##### DATA IN THIS EXERCISE #####
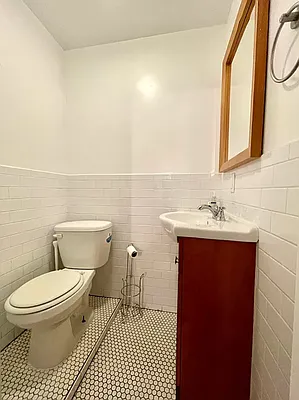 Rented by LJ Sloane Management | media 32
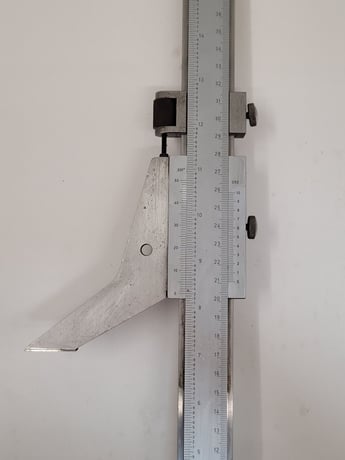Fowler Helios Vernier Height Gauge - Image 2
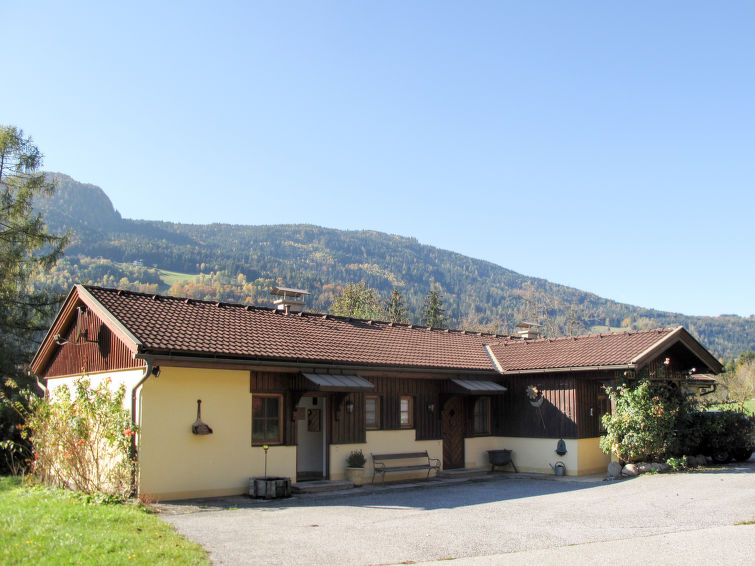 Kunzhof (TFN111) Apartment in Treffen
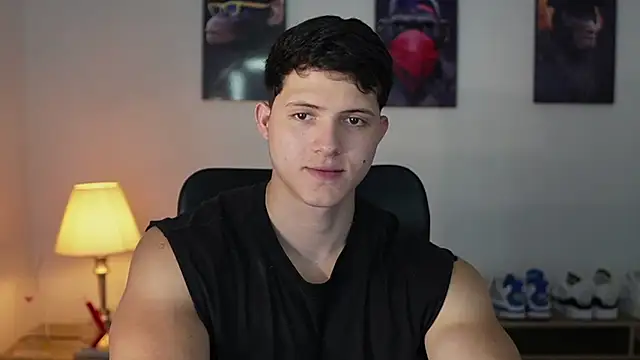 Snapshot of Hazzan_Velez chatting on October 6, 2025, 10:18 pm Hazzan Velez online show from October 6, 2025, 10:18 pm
#####
##### DATA IN THIS EXERCISE #####
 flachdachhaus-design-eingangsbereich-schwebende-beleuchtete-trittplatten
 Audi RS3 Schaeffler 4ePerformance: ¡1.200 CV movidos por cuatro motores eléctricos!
#####
##### DATA IN THIS EXERCISE #####
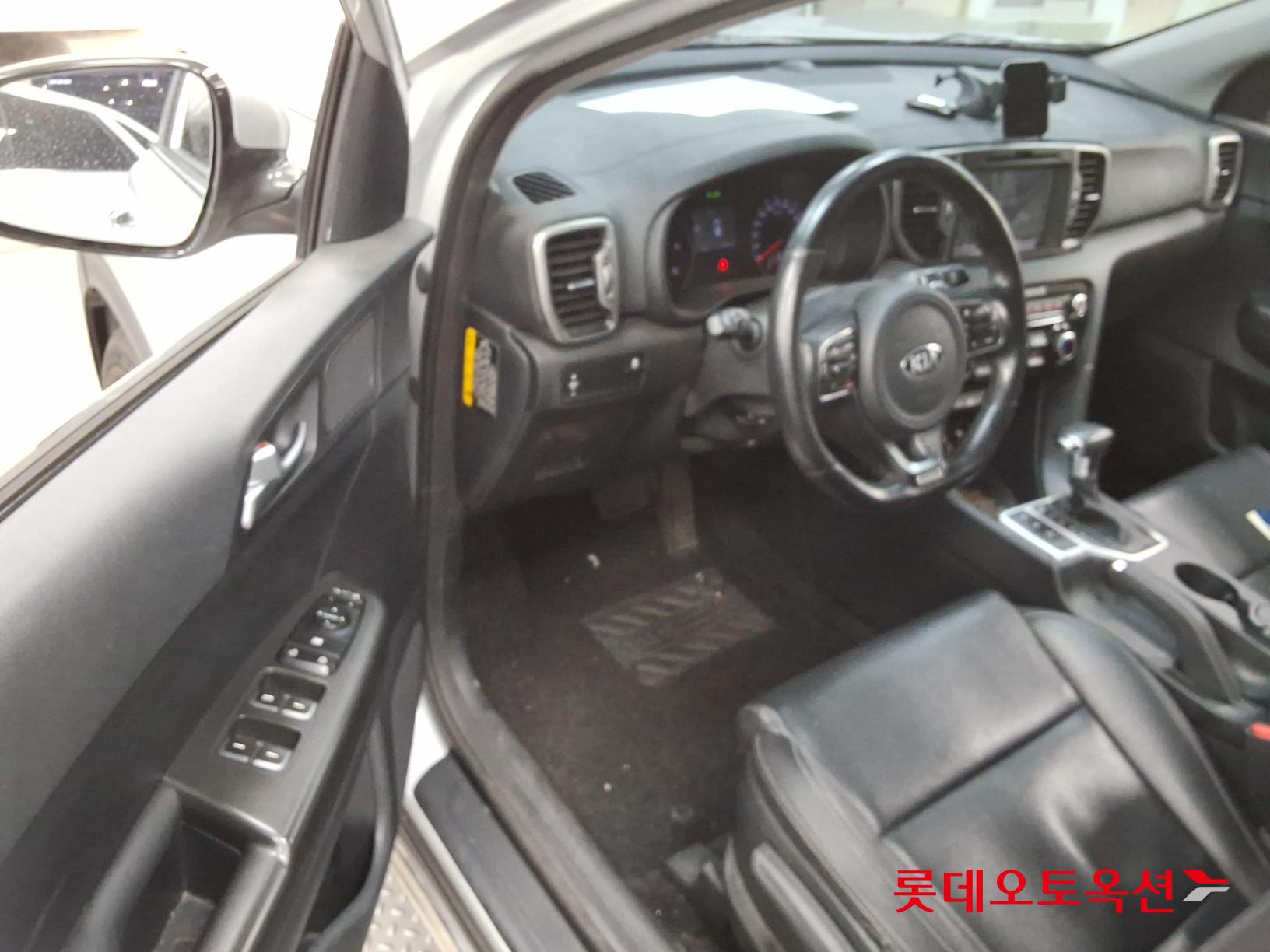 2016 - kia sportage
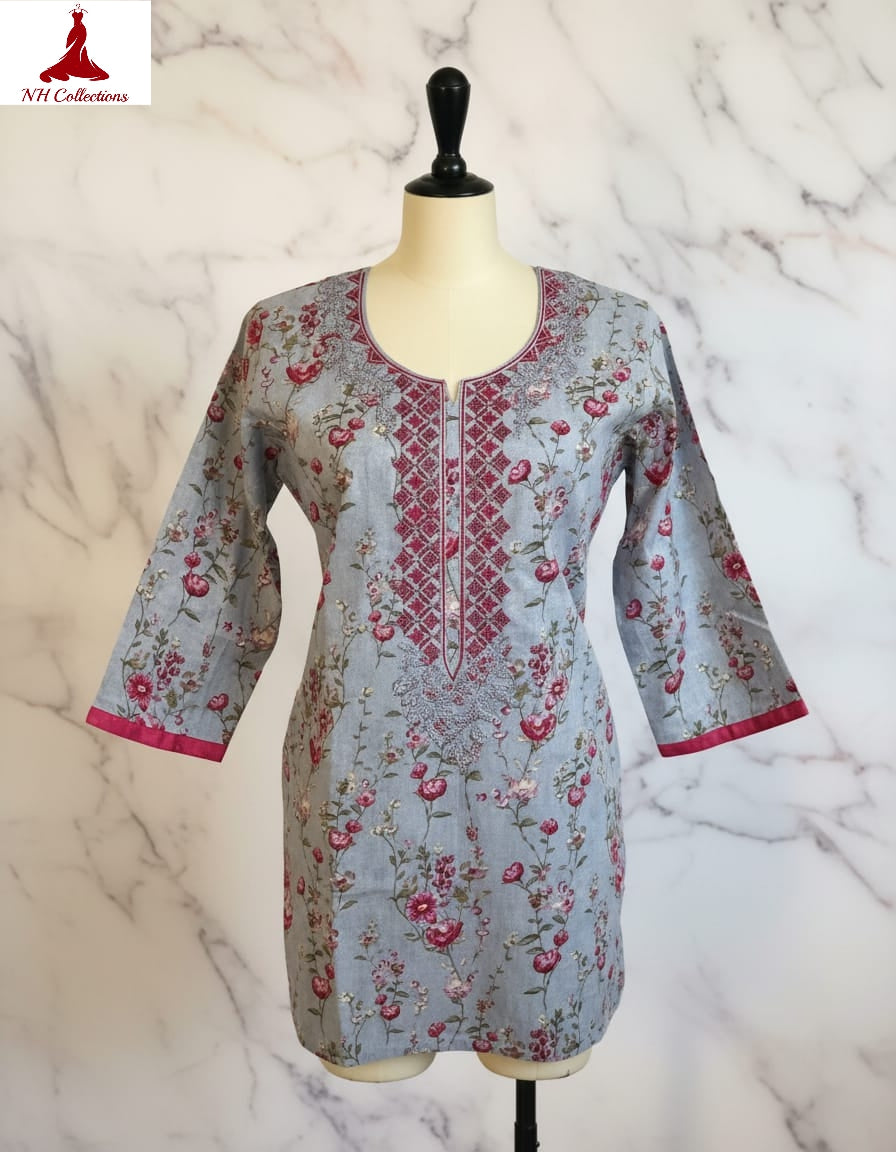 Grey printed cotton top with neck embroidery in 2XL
#####
> [TASK TO CARRY OUT]
In the records above, everything from the line with "Kunzhof (TFN111) Apartment in Treffen" down to the line with "Snapshot of Hazzan_Velez" must be duplicated exactly, both lines kept. Leave no pictures in.

> [ANSWER TO THIS PROBLEM]
 Kunzhof (TFN111) Apartment in Treffen
 Snapshot of Hazzan_Velez chatting on October 6, 2025, 10:18 pm Hazzan Velez online show from October 6, 2025, 10:18 pm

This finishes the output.